The reason I am asking this is because I see a lot of papers where, to predict spatial coordinates, the authors just feed raw x, y coordinates to the RNN encoder. But I think that may be a bit naive even if the encoded representation is supported by additional information (like some features extracted from the images) because just feeding a bunch of raw numbers at the encoder stage without any other additional ‘contextual’ information might mean that the encoder just learns something trivial like a constant-velocity Kalman filter (even after backprop from later on where more information is added in).

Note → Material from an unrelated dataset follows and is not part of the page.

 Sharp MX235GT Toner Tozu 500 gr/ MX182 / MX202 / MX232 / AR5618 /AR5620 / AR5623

For example, the image is from the paper: https://arxiv.org/pdf/1809.07408.pdf

Look at the part of Location-Scale Encoder where they just feed the bounding box coordinates at each time step of the encoder. Isn’t it a bad idea to just feed numerical values like this with no other contextual information? I mean, even though they later combine the encoded representation with image information but I think this part of the architecture might not get trained appropriately.

However, if a lot of researchers seem to be doing this then that means I am not seeing something. What do you guys think?

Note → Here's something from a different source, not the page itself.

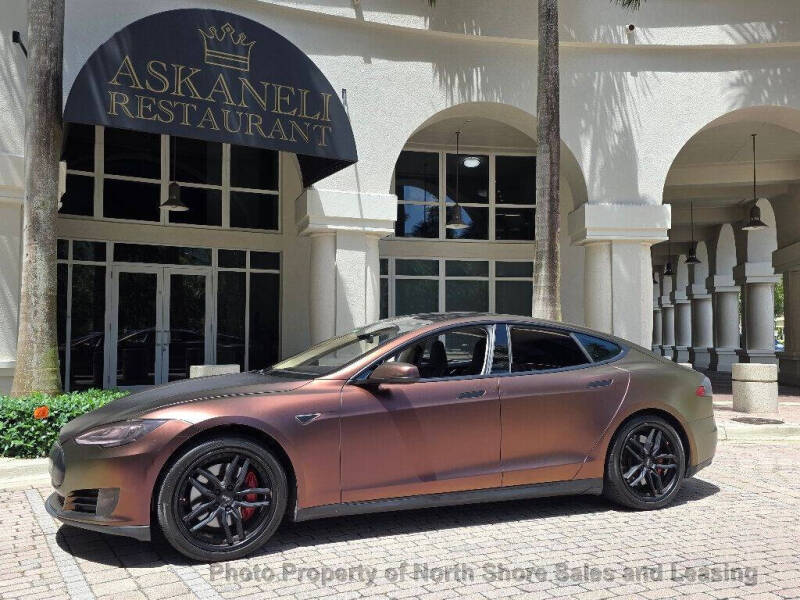 2013 Tesla Model S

Well, the charm of neural networks is that you’re basically calculating quite complex functions with mostly linear + pointwise nonlinearities.

In a bit more detail: Feeding the coordinates often, but not always, works well. For example, the “positional encoding” bit in the famous Attention is all you need paper introducing transformers is a case when people chose to not just put in the index.

So the gist here is: try simple, be fancy if it doesn’t work.

Another tangentially related occasion where just position doesn’t work is the loss function, where one might naively use mean squared error, but doesn’t whenever one has a credible alternative (like cross-entropy).

Best regards

Thomas

Another tangentially related occasion where just position doesn’t work is the loss function, where one might naively use mean squared error, but doesn’t whenever one has a credible alternative (like cross-entropy).

mean squared loss, L2 loss and L1 loss are most suited for regression right? Why would you want to use cross-entropy which is otherwise used for binary classification?

Yes, but so the observation is that the regressing on the class number doesn’t work, even if the perfect classifier would allow to make it this formulation with error 0.

Best regards

Thomas